People are very worried about the impact it will have on smallholders.
An alternative is ‘zero net deforestation’, in which companies can clear forests but must offset their actions by planting or restoring forest elsewhere.
“Although this approach might make sense from a landscape perspective, the trend is for zero gross to be applied, partly because it is more straightforward. But some pledges plan to go beyond and add restoration to the package,” says Romain Pirard, a senior scientist with CIFOR, and co-author of a recent analysis of zero deforestation commitments in Indonesia.
Once foresters agree on standards, they face the monumental task of finding a way to implement them on the ground. And because development in forested areas is key to economic growth in many poor areas, any plans to reduce deforestation must also keep the livelihoods of local people in mind.
A DOUBLE-EDGED SAW
In Indonesia – the leading supplier of palm oil and the country with some of the highest rates of deforestation in the world – that tension has led to resistance from the national government, which is concerned about how protecting forests will affect both the country’s economy and its poorest residents.
“There are a lot of districts and subdistricts in Indonesia that are still very poor. These plantations are arguably an efficient way for the government to deliver investment in the area,” says Sophia Gnych, a Research Officer with CIFOR.
“Plantations provide roads and employment, and in some instances schools, electricity and health care facilities,” she continues. “There are few alternatives for those communities if their areas aren’t allowed to be developed.”
While Indonesia’s national government signed the New York Declaration (along with provincial governments in Aceh and Central and West Kalimantan), it has since opposed efforts to stop unsustainable oil palm plantations. Earlier this summer, top government officials criticized a pact known as the Indonesia Palm Oil Pledge (IPOP) for working outside the government’s authority and potentially harming small-scale farmers.

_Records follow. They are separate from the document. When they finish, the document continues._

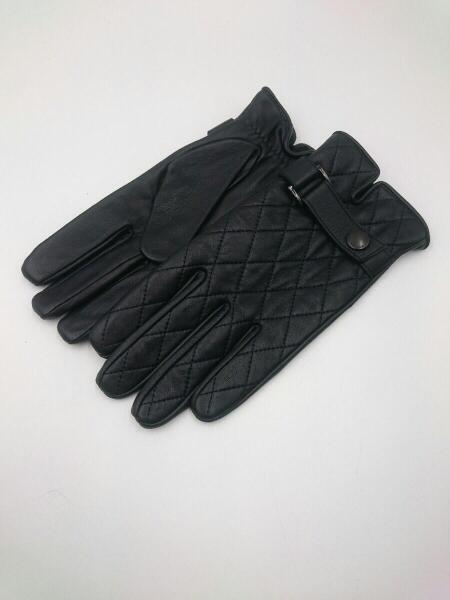 BURBERRYBLACKLABEL 黒 レザー 手袋 グローブ キルティング BURBERRY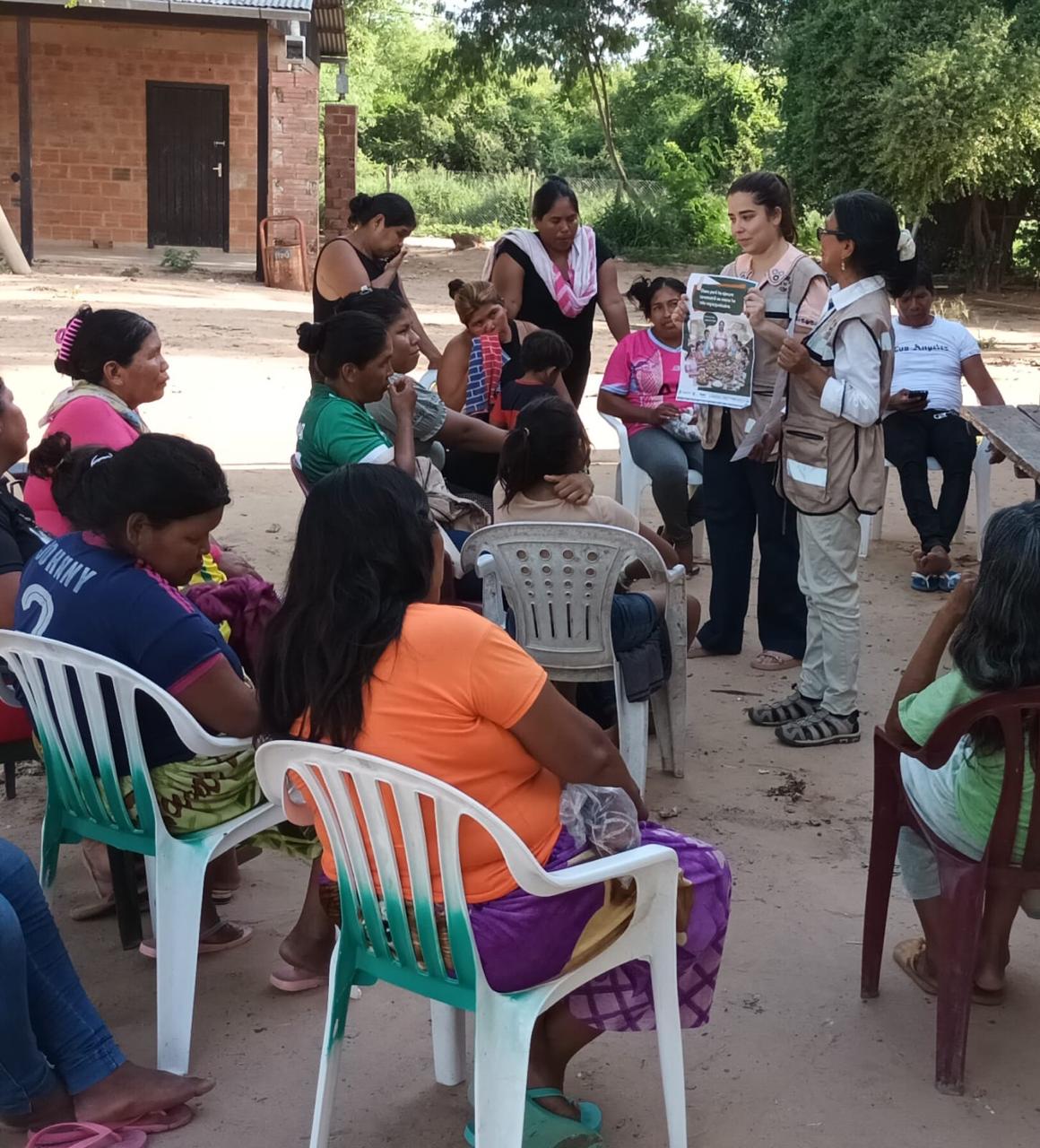 Mujeres nativas reciben información sobre educación sexual y autocuidado, mediante charlas y materiales audiovisuales elaborados en lengua nativa.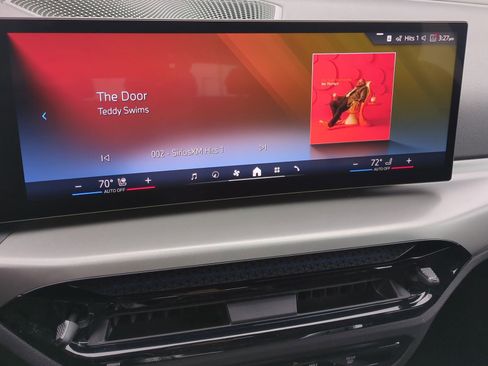 Certified 2025 BMW i4 xDrive40i w/ M Sport Package image 21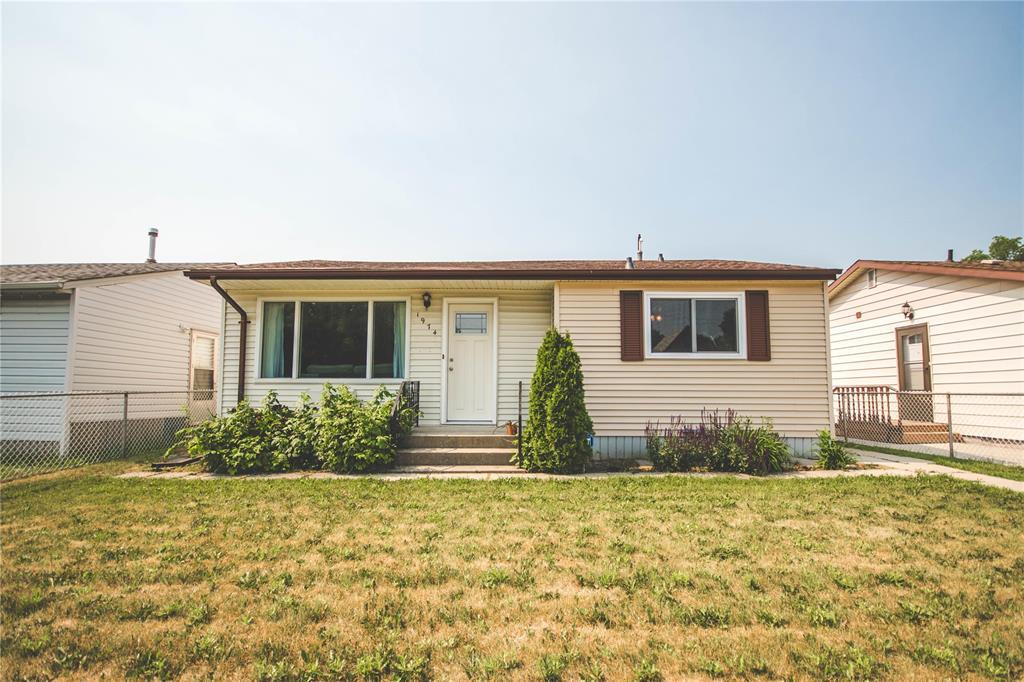 Property image for 1974 Ross Avenue W|Winnipeg, Manitoba R2R0E8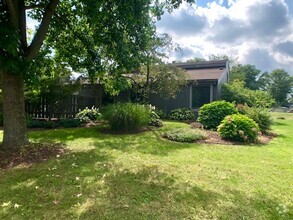 Building Photo - LEXINGTON - 3 Bedroom, 1 1/2 Bath Duplex M...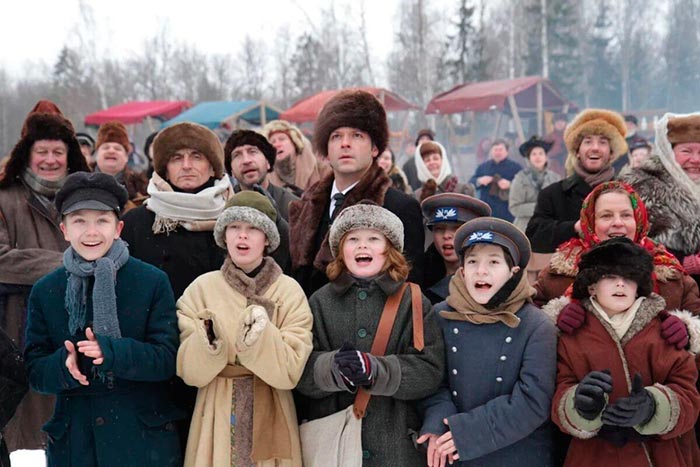 кадр Агата и сыск. Выгодный риск 4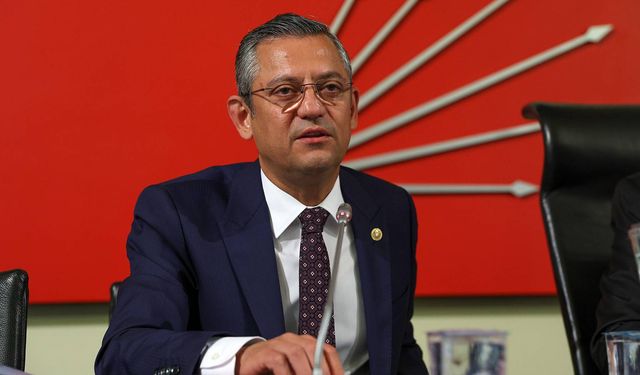 CHP'de değişim için ilk adım: Özgür Özel beklenen açıklamayı yaptı!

The national government has even made new efforts to support the palm oil industry, including increasing the blending quota for biodiesel (to 15%) and supporting this through subsidies.
“On the one hand, the government is creating policies to support the industry, which is made up of almost 50% smallholders,” says Gnych, “while the commitments appear to be trying to undermine it.”
“Stakeholders aren’t on the same page yet. Definitions and methodologies for achieving sustainable palm oil production have not been agreed upon, so the discourse is very antagonistic,” she adds.
“People are very worried about the impact it will have on smallholders. I think the government needs to see a clear and socially equitable plan for delivery that doesn’t threaten government revenues from the industry or rural development,” says Gnych.
While political will may lag behind, the market is shifting heavily toward supporting more sustainable development.
“The private sector will be key to reaching a zero deforestation goal,” Lawry says.
The shifting architecture of global forest governance is being driven by these corporate commitments.
Greater consumer desire for responsibly produced goods, combined with NGO advocacy against corporations with unsustainable practices, has made investors wary of backing projects that aren’t socially and environmentally conscious.
That means the market for sustainable investments continues to grow. In 2014, it reached $21.4 trillion, up from $13.3 trillion in 2012, according to Lawry. That growth provides a strong incentive for companies to sign on to pledges like the New York Declaration, and to see their commitments through to the end.
“It’s a new day,” Lawry says. “The shifting architecture of global forest governance is being driven by these corporate commitments.”
The creation of IPOP, which also took place at the UN Climate Summit, represented a big change in Indonesia’s palm oil market. The international companies that signed on, pledging to produce palm oil without destroying forests or violating human rights, make up 80 percent of Indonesia’s commercial palm oil production.
This gives them great power to change the way palm oil is produced there.
That pledge, along with the New York Declaration and the existing Roundtable on Sustainable Palm Oil (RSPO), all provide strong support for moving toward more sustainably produced commodities. But they also result in a complex set of goals that will need to be integrated in order for zero deforestation to become a reality.
“All of these different standards and ideas about what sustainable production should look like makes it a lot harder,” Gnych says. “Moving toward a clearer, workable definition of sustainable production in relation to deforestation is something that’s got to be debated and resolved.”